In this systematic review, we examine and summarise the evidence on HER2 discordance between primary IBC and its paired loco-regional or distant metastasis, with the aim of (1) providing summary estimates for HER2 discordance using all the available evidence and (2) exploring methodological, clinical, tumor, and testing-related variables that may be associated with differences across studies in the proportion of HER2 discordant cases. We hypothesized that this approach may potentially allow us to identify patterns in the proportion of HER2 discordance between primary and metastatic cancer which could point towards likely underlying mechanism(s).

Methods

We performed a systematic review and study-level meta-analysis of studies reporting HER2 status in primary breast cancer and its paired metastasis.

Study eligibility

Studies were eligible for inclusion if they reported HER2 status, based on IHC and/or ISH-based testing, in primary IBC and its paired loco-regional or distant metastases. We included studies reporting cross-classified data for HER2 status (primary vs. metastasis), and allowing calculation of discordance rates (proportion of discordant cases) and the direction of discordance between the primary cancer and associated metastasis. We also included studies where the cross-classified data could be derived from reported results.

We excluded studies reporting paired HER2 data in fewer than 25% of subjects or in <20 subjects.

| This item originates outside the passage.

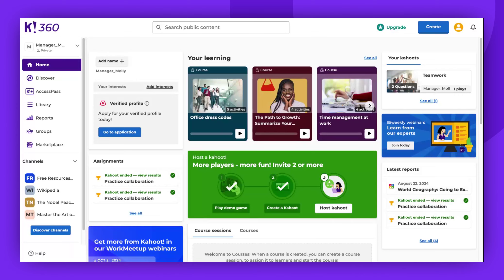Did you know that you can stop other team members from modifying your Kahoot stored in the team folders by simply locking it? They will still be able to host, assign, and play it solo, but won't be able to make any changes.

We excluded studies of circulating tumour cells, studies of sentinel node biopsy only (where metastases included micro-metastases or isolated tumour cells), or those based on post-mortem testing. Studies published as abstracts were ineligible for this review. Appendix 1 provides further information on eligible studies [1517, 2042] and on studies excluded [4350] based on pre-defined criteria.

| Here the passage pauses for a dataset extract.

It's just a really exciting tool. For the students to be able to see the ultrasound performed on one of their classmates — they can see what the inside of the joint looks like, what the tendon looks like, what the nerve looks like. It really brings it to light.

Literature search and data extraction

We systematically searched the literature (MEDLINE, EBM Reviews databases to August 2010) for primary studies that met eligibility criteria, using the search and study identification strategy summarised in Appendix 1. Descriptive and quantitative data were extracted by two of three authors (NH and either RB or MB), and disagreement was resolved by discussion and consensus; quantitative HER2 results were independently extracted into a spreadsheet. Extracted information included study and subjects’ characteristics, type and site of metastases, time to metastasis, tumor grade, test-related parameters including scoring criteria, HER2 status for primary and metastatic tumor.

Quality appraisal

Evidence tables, summarising key study characteristics, methodology, and HER2 testing and interpretation parameters were developed with consideration of the American Society of Clinical Oncology/College of American Pathologists recommendations for human epidermal growth factor receptor 2 testing [1], and recommendations for reporting biomarker studies [51, 52]. For valid comparison of HER2 status in this scenario, we looked at whether testing methods and conditions (see “Testing parameters”) were consistent between testing of the primary tumor and the metastasis, and whether paired testing was performed at the same time and laboratory. Studies not meeting this quality criterion (but otherwise meeting eligibility criteria) would, a priori, not be excluded but subjected to a sensitivity analysis. We also looked at whether HER2 testing for each of the tumors was interpreted independently (“masked”) of the other.

Testing parameters

We examined information on type of test (IHC or ISH based), testing methods (sampling, assays used, interpretation criteria, and interpreters), and test interpretation relative to consensus recommendations [1] while cognisant that current test-scoring standards were too recent to be included in studies published prior to 2008. We therefore accepted IHC 0–3+ scoring (based on HercepTest criteria) to be “standard” where staining was reported in >10% of tumor cells (further testing details, including sampling and assays used, are provided in Online-only Table A). For analytic purposes, we classified study-specific HER2 scoring/interpretation into pre-defined categories. For IHC, the categories (from most to least consistent with current standards) were: (i) either standard (HercepTest) scoring (0–3+) with 3+ counted as positive, equivocal results (2+) confirmed with ISH-based testing or standard scoring (0–3+) with most subjects tested/confirmed with ISH; (ii) standard scoring (0–3+) with ≥2+ counted as positive without ISH testing or ISH only in minority of equivocal results or ISH testing in all subjects but HER2 classified according to IHC alone, or (iii) semi-quantitative scoring system (other than standard) described in primary study without ISH testing, or other non-standard scoring.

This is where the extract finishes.